Problem to work on >>
Each entry must appear in the answer exactly as it does here.

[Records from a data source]
________________________________________
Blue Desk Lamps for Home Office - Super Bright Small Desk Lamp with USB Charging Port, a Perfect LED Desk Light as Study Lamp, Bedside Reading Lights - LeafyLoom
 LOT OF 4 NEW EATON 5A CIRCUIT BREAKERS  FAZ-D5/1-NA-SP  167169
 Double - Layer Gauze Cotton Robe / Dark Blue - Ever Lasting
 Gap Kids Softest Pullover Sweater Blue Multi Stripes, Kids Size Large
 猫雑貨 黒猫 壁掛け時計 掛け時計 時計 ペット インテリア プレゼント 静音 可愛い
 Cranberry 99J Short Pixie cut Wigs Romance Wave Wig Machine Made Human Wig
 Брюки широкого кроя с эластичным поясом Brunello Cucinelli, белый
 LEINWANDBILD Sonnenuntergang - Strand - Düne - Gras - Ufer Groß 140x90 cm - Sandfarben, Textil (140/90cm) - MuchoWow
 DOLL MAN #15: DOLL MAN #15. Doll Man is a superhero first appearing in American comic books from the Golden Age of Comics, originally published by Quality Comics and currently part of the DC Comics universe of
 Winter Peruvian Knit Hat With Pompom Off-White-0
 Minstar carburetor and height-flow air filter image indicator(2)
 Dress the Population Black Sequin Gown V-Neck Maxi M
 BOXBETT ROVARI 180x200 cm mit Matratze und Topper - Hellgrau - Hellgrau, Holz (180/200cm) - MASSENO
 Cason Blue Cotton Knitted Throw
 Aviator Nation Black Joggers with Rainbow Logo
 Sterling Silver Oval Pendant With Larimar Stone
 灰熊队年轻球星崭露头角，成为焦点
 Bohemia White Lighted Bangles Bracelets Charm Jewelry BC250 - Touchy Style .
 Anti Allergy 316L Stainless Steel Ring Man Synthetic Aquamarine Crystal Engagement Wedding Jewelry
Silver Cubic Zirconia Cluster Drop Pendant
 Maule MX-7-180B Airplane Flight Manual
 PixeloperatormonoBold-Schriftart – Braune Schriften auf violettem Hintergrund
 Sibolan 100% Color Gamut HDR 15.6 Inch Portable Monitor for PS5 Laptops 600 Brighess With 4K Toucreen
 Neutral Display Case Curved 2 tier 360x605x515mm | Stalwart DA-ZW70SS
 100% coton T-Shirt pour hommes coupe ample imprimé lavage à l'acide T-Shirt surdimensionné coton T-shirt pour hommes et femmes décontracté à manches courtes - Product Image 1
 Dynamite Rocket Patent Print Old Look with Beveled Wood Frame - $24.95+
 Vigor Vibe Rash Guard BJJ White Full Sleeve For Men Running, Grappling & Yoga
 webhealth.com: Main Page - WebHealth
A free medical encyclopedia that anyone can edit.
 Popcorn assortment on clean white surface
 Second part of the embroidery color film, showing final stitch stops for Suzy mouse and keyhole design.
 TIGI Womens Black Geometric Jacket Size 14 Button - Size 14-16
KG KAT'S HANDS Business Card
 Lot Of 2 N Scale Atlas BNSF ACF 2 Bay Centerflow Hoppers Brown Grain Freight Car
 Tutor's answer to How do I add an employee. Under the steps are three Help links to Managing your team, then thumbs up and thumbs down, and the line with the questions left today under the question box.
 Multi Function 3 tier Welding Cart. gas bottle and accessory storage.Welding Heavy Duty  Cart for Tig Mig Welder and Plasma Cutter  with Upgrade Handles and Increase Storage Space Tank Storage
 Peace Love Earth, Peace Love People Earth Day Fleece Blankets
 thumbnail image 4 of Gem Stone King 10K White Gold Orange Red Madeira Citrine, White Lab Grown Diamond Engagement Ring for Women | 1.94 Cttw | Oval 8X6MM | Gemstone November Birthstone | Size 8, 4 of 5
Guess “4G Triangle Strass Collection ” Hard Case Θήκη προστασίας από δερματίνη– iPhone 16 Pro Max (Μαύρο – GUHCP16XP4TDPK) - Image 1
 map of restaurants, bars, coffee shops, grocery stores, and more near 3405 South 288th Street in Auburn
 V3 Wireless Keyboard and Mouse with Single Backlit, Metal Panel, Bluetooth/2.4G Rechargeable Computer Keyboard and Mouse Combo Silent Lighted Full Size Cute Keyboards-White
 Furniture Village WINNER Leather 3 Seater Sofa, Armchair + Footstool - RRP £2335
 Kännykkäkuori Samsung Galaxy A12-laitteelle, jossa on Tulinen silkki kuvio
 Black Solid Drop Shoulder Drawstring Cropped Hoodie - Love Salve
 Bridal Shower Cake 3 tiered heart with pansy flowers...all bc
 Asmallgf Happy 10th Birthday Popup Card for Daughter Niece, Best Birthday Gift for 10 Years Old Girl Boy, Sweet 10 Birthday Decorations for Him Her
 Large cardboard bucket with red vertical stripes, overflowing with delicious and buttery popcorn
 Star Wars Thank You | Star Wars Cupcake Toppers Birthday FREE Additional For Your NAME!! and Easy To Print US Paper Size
________________________________________
Response >>
Blue Desk Lamps for Home Office - Super Bright Small Desk Lamp with USB Charging Port, a Perfect LED Desk Light as Study Lamp, Bedside Reading Lights - LeafyLoom
 LOT OF 4 NEW EATON 5A CIRCUIT BREAKERS  FAZ-D5/1-NA-SP  167169
 Double - Layer Gauze Cotton Robe / Dark Blue - Ever Lasting
 Gap Kids Softest Pullover Sweater Blue Multi Stripes, Kids Size Large
 猫雑貨 黒猫 壁掛け時計 掛け時計 時計 ペット インテリア プレゼント 静音 可愛い
 Cranberry 99J Short Pixie cut Wigs Romance Wave Wig Machine Made Human Wig
 Брюки широкого кроя с эластичным поясом Brunello Cucinelli, белый
 LEINWANDBILD Sonnenuntergang - Strand - Düne - Gras - Ufer Groß 140x90 cm - Sandfarben, Textil (140/90cm) - MuchoWow
 DOLL MAN #15: DOLL MAN #15. Doll Man is a superhero first appearing in American comic books from the Golden Age of Comics, originally published by Quality Comics and currently part of the DC Comics universe of
 Winter Peruvian Knit Hat With Pompom Off-White-0
 Minstar carburetor and height-flow air filter image indicator(2)
 Dress the Population Black Sequin Gown V-Neck Maxi M
 BOXBETT ROVARI 180x200 cm mit Matratze und Topper - Hellgrau - Hellgrau, Holz (180/200cm) - MASSENO
 Cason Blue Cotton Knitted Throw
 Aviator Nation Black Joggers with Rainbow Logo
 Sterling Silver Oval Pendant With Larimar Stone
 灰熊队年轻球星崭露头角，成为焦点
 Bohemia White Lighted Bangles Bracelets Charm Jewelry BC250 - Touchy Style .
 Anti Allergy 316L Stainless Steel Ring Man Synthetic Aquamarine Crystal Engagement Wedding Jewelry
Silver Cubic Zirconia Cluster Drop Pendant
 Maule MX-7-180B Airplane Flight Manual
 PixeloperatormonoBold-Schriftart – Braune Schriften auf violettem Hintergrund
 Sibolan 100% Color Gamut HDR 15.6 Inch Portable Monitor for PS5 Laptops 600 Brighess With 4K Toucreen
 Neutral Display Case Curved 2 tier 360x605x515mm | Stalwart DA-ZW70SS
 100% coton T-Shirt pour hommes coupe ample imprimé lavage à l'acide T-Shirt surdimensionné coton T-shirt pour hommes et femmes décontracté à manches courtes - Product Image 1
 Dynamite Rocket Patent Print Old Look with Beveled Wood Frame - $24.95+
 Vigor Vibe Rash Guard BJJ White Full Sleeve For Men Running, Grappling & Yoga
 webhealth.com: Main Page - WebHealth
A free medical encyclopedia that anyone can edit.
 Popcorn assortment on clean white surface
 Second part of the embroidery color film, showing final stitch stops for Suzy mouse and keyhole design.
 TIGI Womens Black Geometric Jacket Size 14 Button - Size 14-16
KG KAT'S HANDS Business Card
 Lot Of 2 N Scale Atlas BNSF ACF 2 Bay Centerflow Hoppers Brown Grain Freight Car
 Tutor's answer to How do I add an employee. Under the steps are three Help links to Managing your team, then thumbs up and thumbs down, and the line with the questions left today under the question box.
 Multi Function 3 tier Welding Cart. gas bottle and accessory storage.Welding Heavy Duty  Cart for Tig Mig Welder and Plasma Cutter  with Upgrade Handles and Increase Storage Space Tank Storage
 Peace Love Earth, Peace Love People Earth Day Fleece Blankets
 thumbnail image 4 of Gem Stone King 10K White Gold Orange Red Madeira Citrine, White Lab Grown Diamond Engagement Ring for Women | 1.94 Cttw | Oval 8X6MM | Gemstone November Birthstone | Size 8, 4 of 5
Guess “4G Triangle Strass Collection ” Hard Case Θήκη προστασίας από δερματίνη– iPhone 16 Pro Max (Μαύρο – GUHCP16XP4TDPK) - Image 1
 map of restaurants, bars, coffee shops, grocery stores, and more near 3405 South 288th Street in Auburn
 V3 Wireless Keyboard and Mouse with Single Backlit, Metal Panel, Bluetooth/2.4G Rechargeable Computer Keyboard and Mouse Combo Silent Lighted Full Size Cute Keyboards-White
 Furniture Village WINNER Leather 3 Seater Sofa, Armchair + Footstool - RRP £2335
 Kännykkäkuori Samsung Galaxy A12-laitteelle, jossa on Tulinen silkki kuvio
 Black Solid Drop Shoulder Drawstring Cropped Hoodie - Love Salve
 Bridal Shower Cake 3 tiered heart with pansy flowers...all bc
 Asmallgf Happy 10th Birthday Popup Card for Daughter Niece, Best Birthday Gift for 10 Years Old Girl Boy, Sweet 10 Birthday Decorations for Him Her
 Large cardboard bucket with red vertical stripes, overflowing with delicious and buttery popcorn
 Star Wars Thank You | Star Wars Cupcake Toppers Birthday FREE Additional For Your NAME!! and Easy To Print US Paper Size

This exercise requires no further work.